Exercise directions: Output every entry exactly as written, skipping any pictures.

┄┄┄┄┄┄

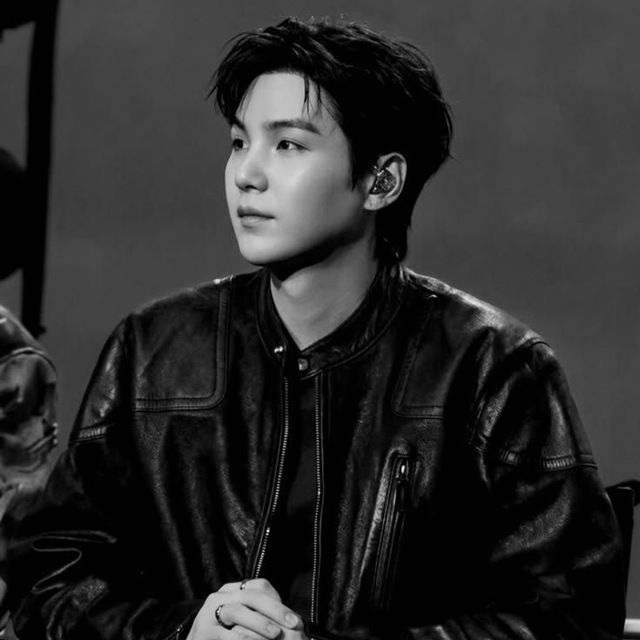 𝐊𝐈𝐀𝐍ˋ𝐒 𝐑𝐔𝐋𝐄𝐒 𝐎𝐅 𝐂𝐎𝐎𝐏𝐄𝐑𝐀𝐓𝐈𝐎𝐍.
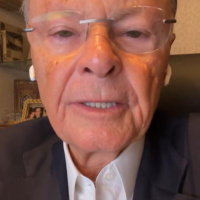 O dever de todo o homem - Meditação Matinal 14/09/23 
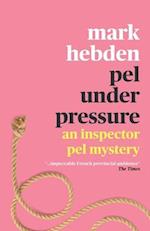 Pel Under Pressure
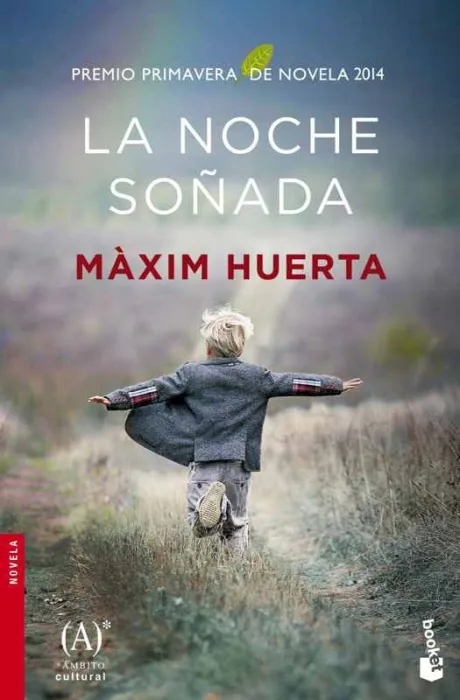 La Noche Soñada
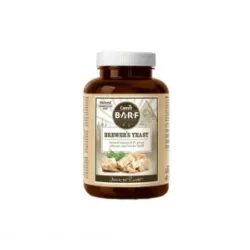 Canvit Brewer's Yest papildai šunims 180 g | AKVANAMAI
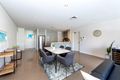 Property photo of 10/103 Flora Terrace North Beach WA 6020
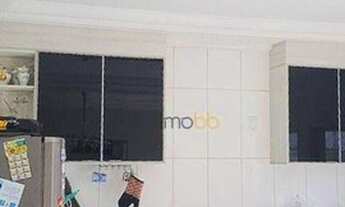 Imagem 5: Casa com 4 suítes à venda, 356 m² - Condomínio Horizontes de Sorocaba - Sorocaba/SP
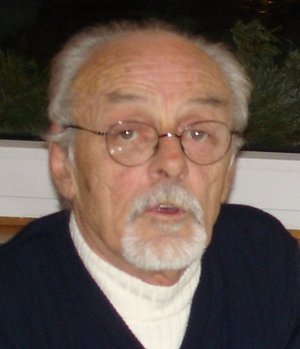 Bianchi Sergio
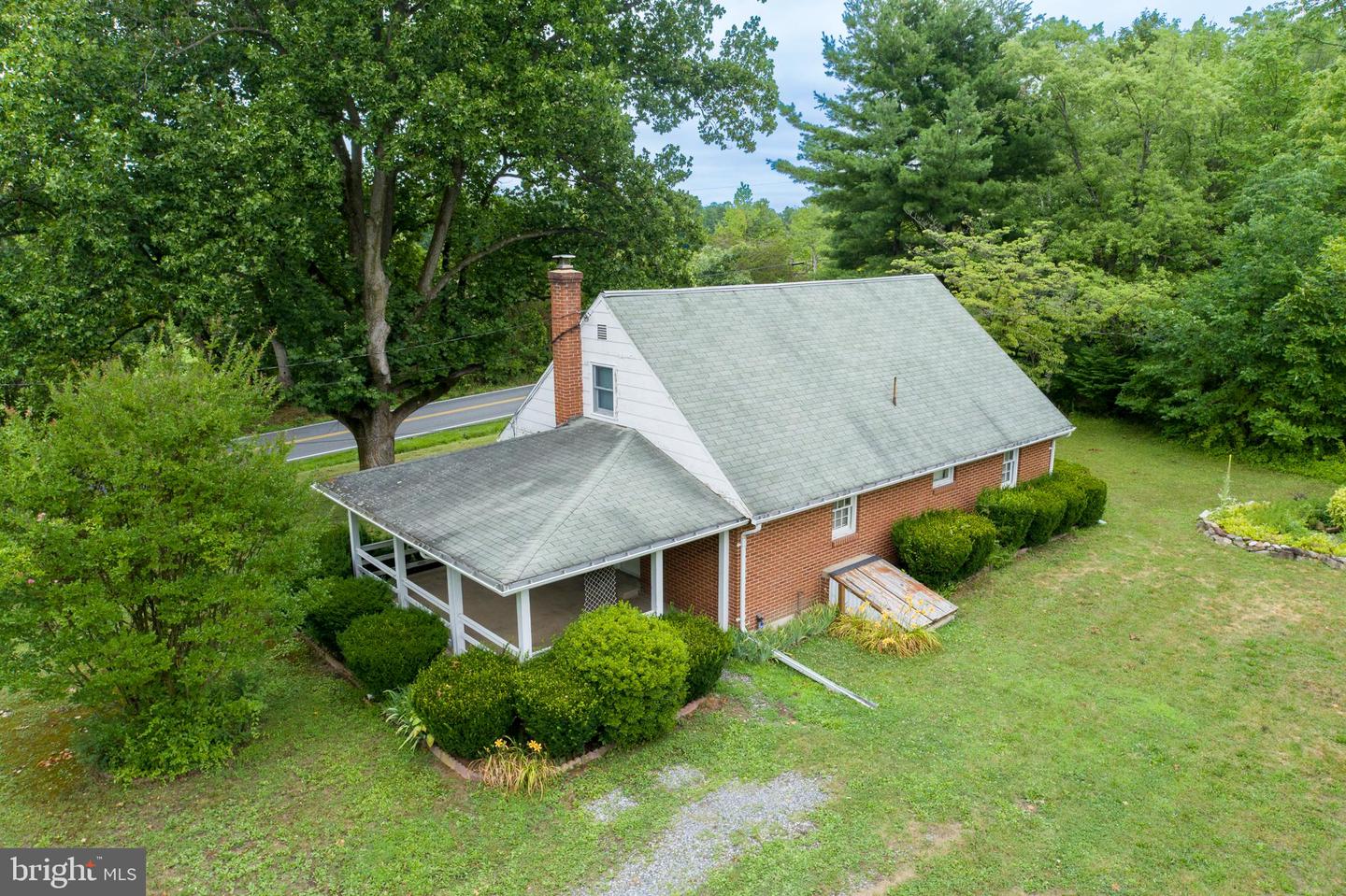3106 Kutztown Rd Property Photo 3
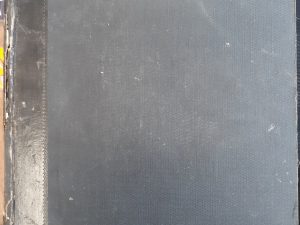 The Juvenile Instructor: Vol. XXII, 1887 (Bound Copy)
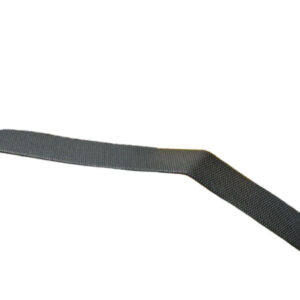 A12468904678317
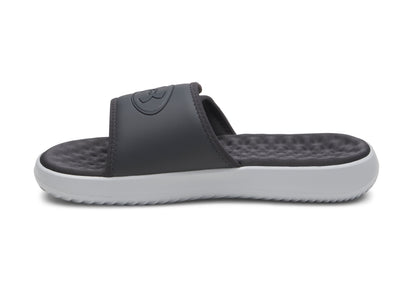 Men's Under Armour Sandals - IGNITE PRO 8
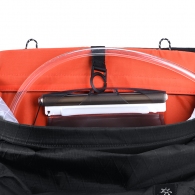 Rucsac Kailas Mystery II Lightweight Trekking Backpack thumbnav 6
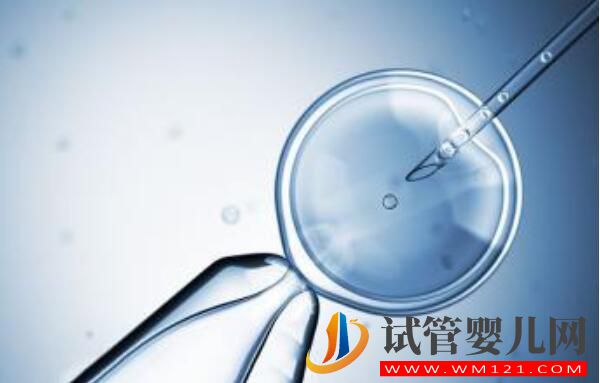 什么是龙虎彩票官网首页
为什么国内禁止做这种手术(图1) 什么是龙虎彩票官网首页
?为什么国内禁止做这种手术?(图1)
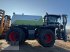 Traktor des Typs CLAAS Xerion 3800 Saddle Trac mit SGT Gülleaufbau, Gebrauchtmaschine in Pfeffenhausen (Bild 5)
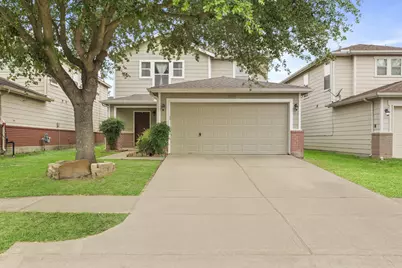 12007 Bach Orchard Trail, Houston, TX 77038 - Photo 3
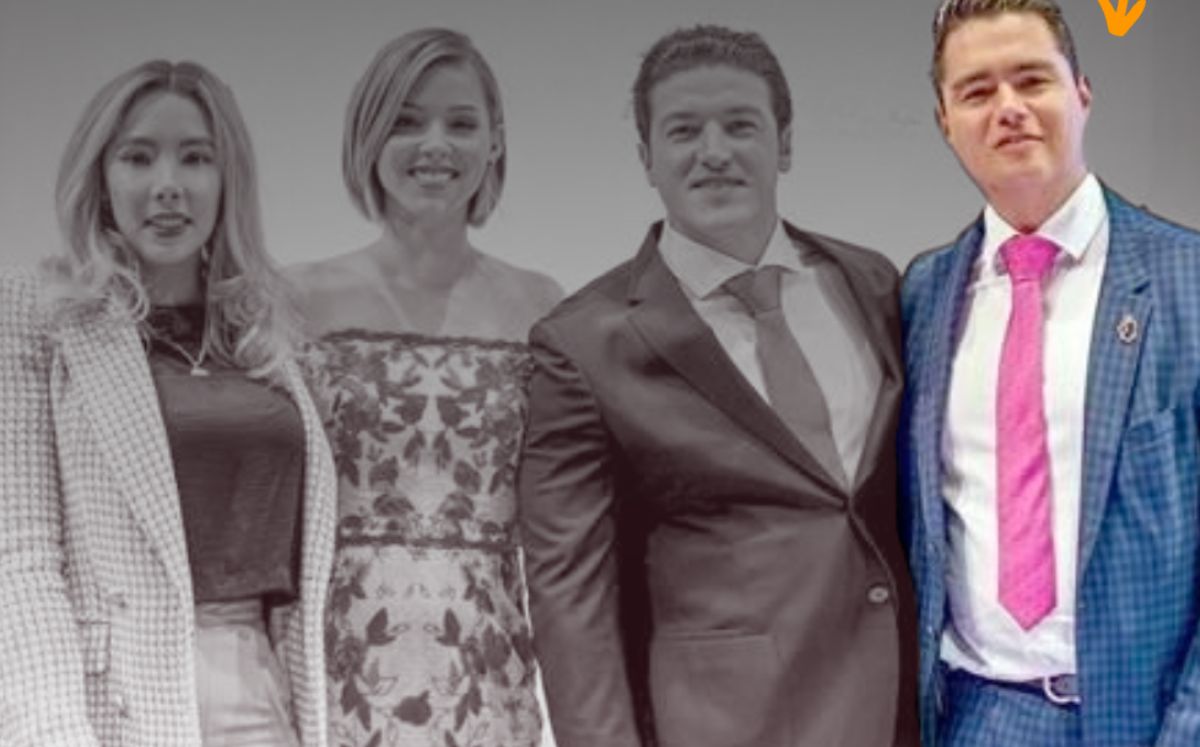 Funcionarios dejan a niños sin tinacos en plena crisis de agua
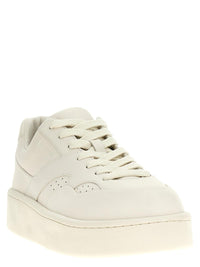JIL SANDER Sneakers
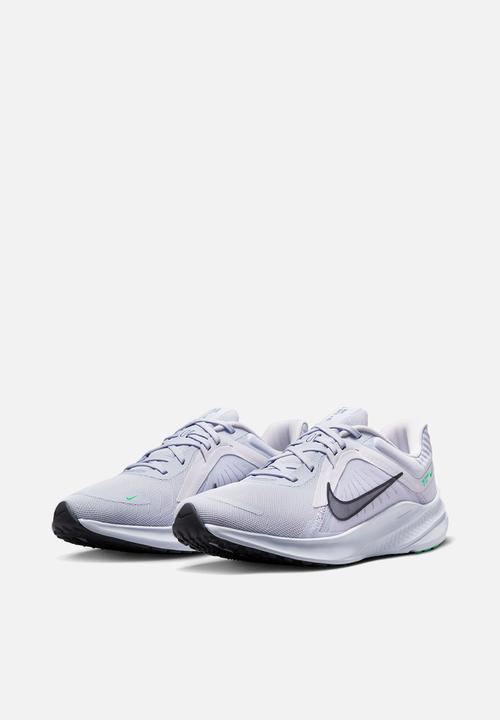 Nike - Quest 5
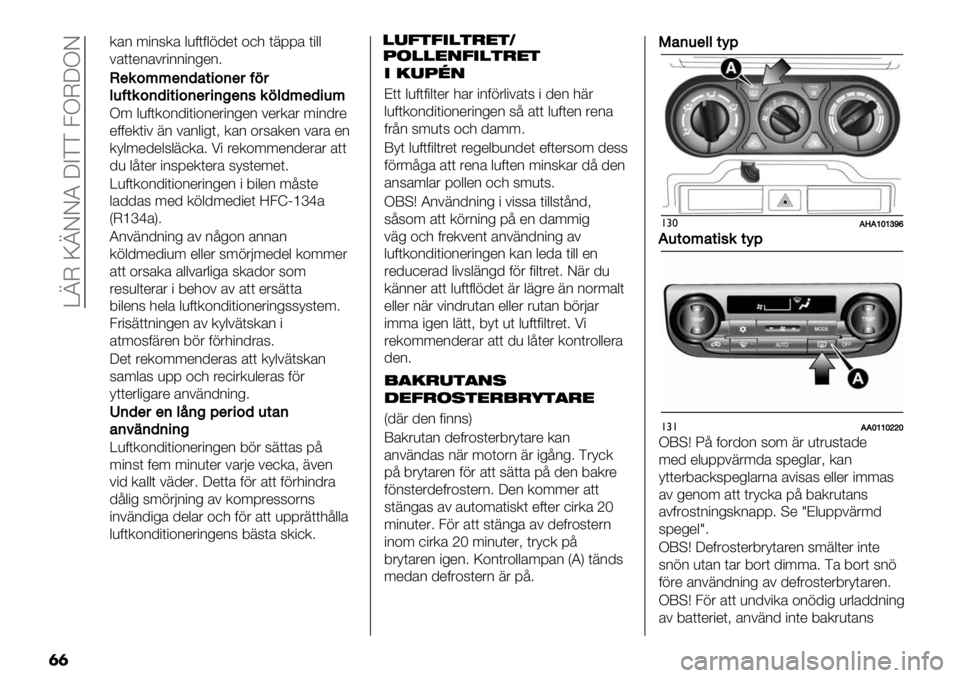 FIAT FULLBACK 2020  Drift- och underhållshandbok (in Swedish)  XWM KWFFJ >CDD 3OM>OF
�	�	
.’2 :"26.’ $)0(0$1/*( +,- (799’ ("$$
#’((*2’#&"22"2%*25
K
K*%3::*’($2.3’*#14#
0&12%3’(.2.3’*#.’/*’,%40(:*(.&:
O: $)0(.+2/"("+2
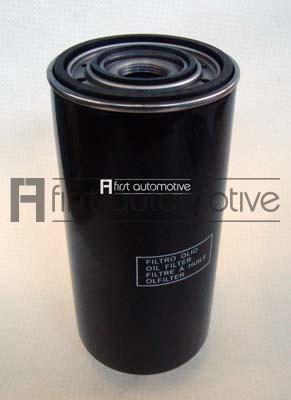 1A First Automotive L43005 - Oil Filter autospares.lv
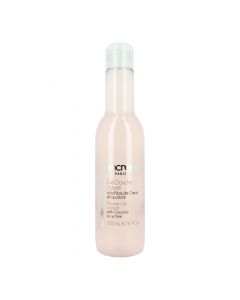 Gel Douche Coco Litchi 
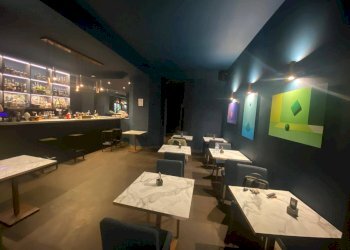 Foto 10 - Commercial Activity Via Giovanni Meli, Palermo - photo 10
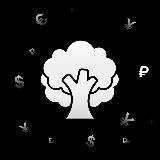 Заработок на отзывах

┄┄┄┄┄┄

Response:
 𝐊𝐈𝐀𝐍ˋ𝐒 𝐑𝐔𝐋𝐄𝐒 𝐎𝐅 𝐂𝐎𝐎𝐏𝐄𝐑𝐀𝐓𝐈𝐎𝐍.
 O dever de todo o homem - Meditação Matinal 14/09/23 
 Pel Under Pressure
 La Noche Soñada
 Canvit Brewer's Yest papildai šunims 180 g | AKVANAMAI
 Property photo of 10/103 Flora Terrace North Beach WA 6020
 Imagem 5: Casa com 4 suítes à venda, 356 m² - Condomínio Horizontes de Sorocaba - Sorocaba/SP
 Bianchi Sergio
3106 Kutztown Rd Property Photo 3
 The Juvenile Instructor: Vol. XXII, 1887 (Bound Copy)
 A12468904678317
 Men's Under Armour Sandals - IGNITE PRO 8
 Rucsac Kailas Mystery II Lightweight Trekking Backpack thumbnav 6
 什么是龙虎彩票官网首页
为什么国内禁止做这种手术(图1) 什么是龙虎彩票官网首页
?为什么国内禁止做这种手术?(图1)
 Traktor des Typs CLAAS Xerion 3800 Saddle Trac mit SGT Gülleaufbau, Gebrauchtmaschine in Pfeffenhausen (Bild 5)
 12007 Bach Orchard Trail, Houston, TX 77038 - Photo 3
 Funcionarios dejan a niños sin tinacos en plena crisis de agua
JIL SANDER Sneakers
 Nike - Quest 5
 FIAT FULLBACK 2020  Drift- och underhållshandbok (in Swedish)  XWM KWFFJ >CDD 3OM>OF
�	�	
.’2 :"26.’ $)0(0$1/*( +,- (799’ ("$$
#’((*2’#&"22"2%*25
K
K*%3::*’($2.3’*#14#
0&12%3’(.2.3’*#.’/*’,%40(:*(.&:
O: $)0(.+2/"("+2
 1A First Automotive L43005 - Oil Filter autospares.lv
 Gel Douche Coco Litchi 
 Foto 10 - Commercial Activity Via Giovanni Meli, Palermo - photo 10
 Заработок на отзывах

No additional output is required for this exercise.